Monday, Jul. 15, 1946

He Knew the Horse

Frederic Remington was as big as all outdoors. He stood over six feet and weighed, in his late years, as much as 300 pounds. He rode like a Comanche and drank like an unreconstructed reservation Indian--and he recorded the facts of Wild Western life with rare flair.

By the turn of the century he bulked big as an illustrator (and as a Hearstling pictorial reporter), sometimes earning a sensational $25,000 a year. Thirty-six years after his death, the Hearstwhile artist is now recognized for his deadeye accuracy of detail as almost a major historian. Last year A Dash for Timber was sold for $23,000. And last week a Manhattan gallery was showing 28 early black-&-white Remingtons (including eight of his 22 famed illustrations for Hiawatha).
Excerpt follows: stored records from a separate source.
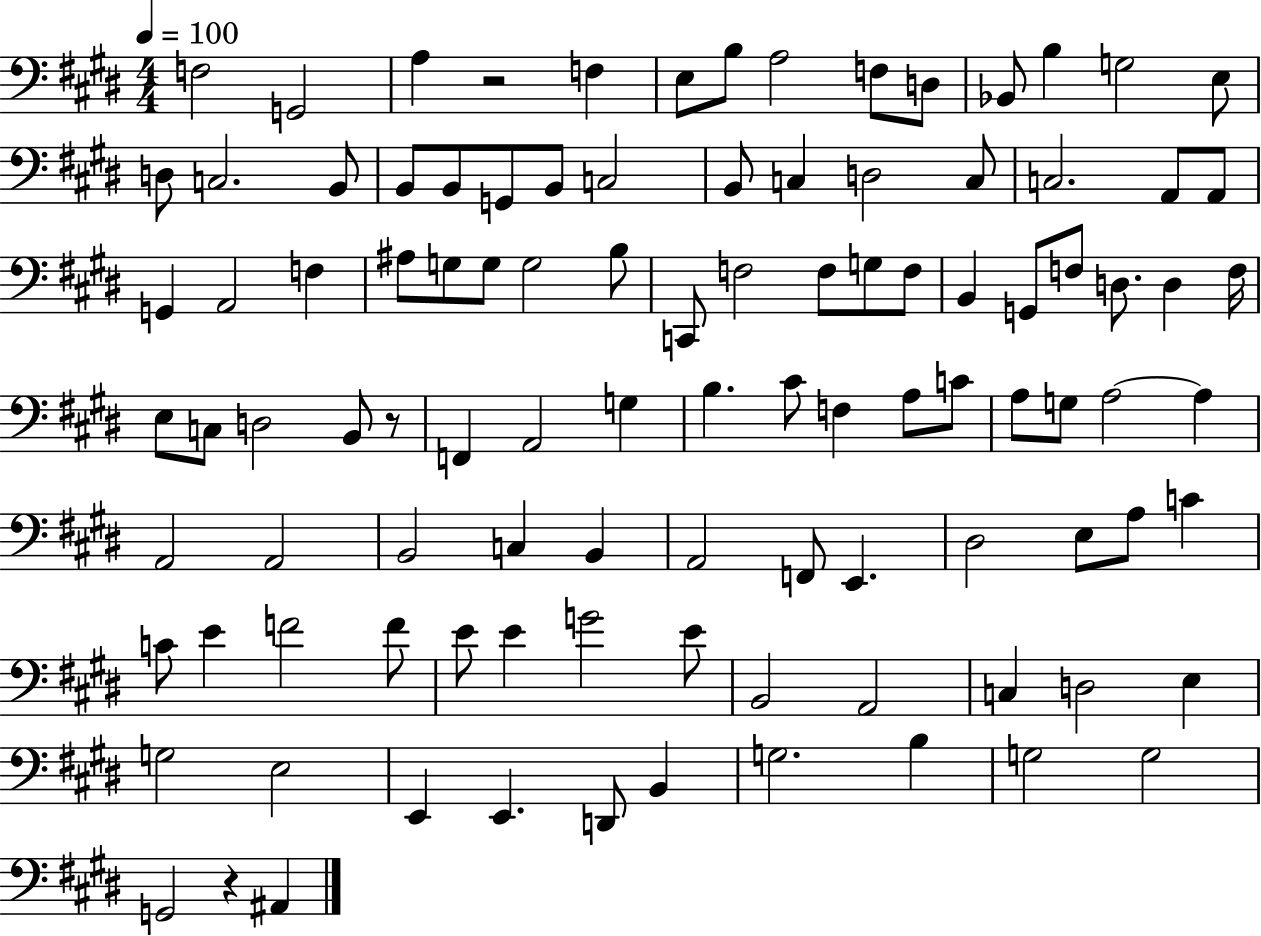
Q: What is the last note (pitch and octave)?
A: A#2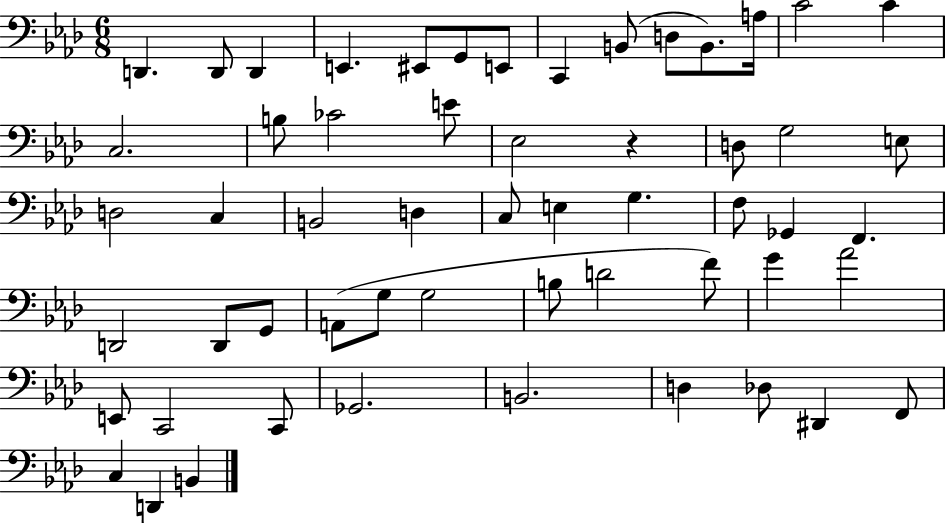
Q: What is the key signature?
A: AES major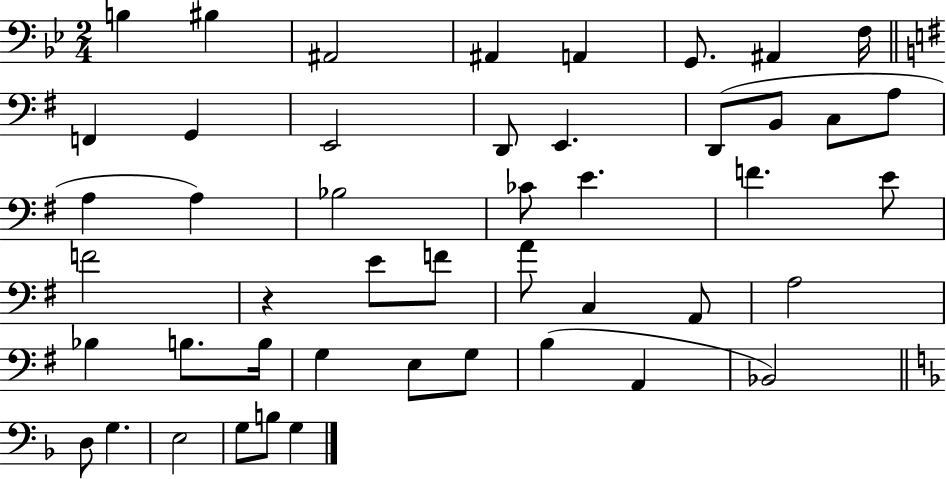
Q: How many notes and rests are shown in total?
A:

Most of the work in the exhibit was done after the first of Remington's countless western tours. He made the trip at 19, on feet still tender from a year at Yale. He got his first callus when a tinhorn took him for his last cent. He added blisters working as clerk, ranch cook and cowhand. Finally he joined (as a correspondent) the fight against the Apache chief Geronimo.

Back East, he sold his first sketch, Indian Scouts on Geronimo's Trail, to Harper's Weekly for $10. In the next 23 years he produced more than 2,000 pictures, some 15 sculptures (in bronze), illustrated 73 books (13 of them his own travels).

Hearstly Hoax. In 1898, Hearst sent him to Cuba to wait for the Spanish-American War. (When Remington complained that there was no war, Hearst, in a cable that unfriendly Hearst biographers love to quote, wired: "You furnish the pictures; I'll furnish the war.")

Remington and associated Hearstlings improved their Cuban idleness with one of the decade's most lurid yarns: the story of how three young Cuban women were stripped and searched by Spanish police aboard a U.S. steamship in Havana harbor. Remington did the revealing illustration. It was a scoop until the rival Pulitzer press made it equally famous as a hoax.

But about two things--painting and horses--Remington was dead on the level. It was one of the darker hours of his life when he finally had to give up horseback riding because no horse could carry his weight. He painted and cast the horse's strenuous anatomy with freedom and exactness. Long before he died (at 48, after an appendectomy) he had his epitaph ready: "He Knew the Horse."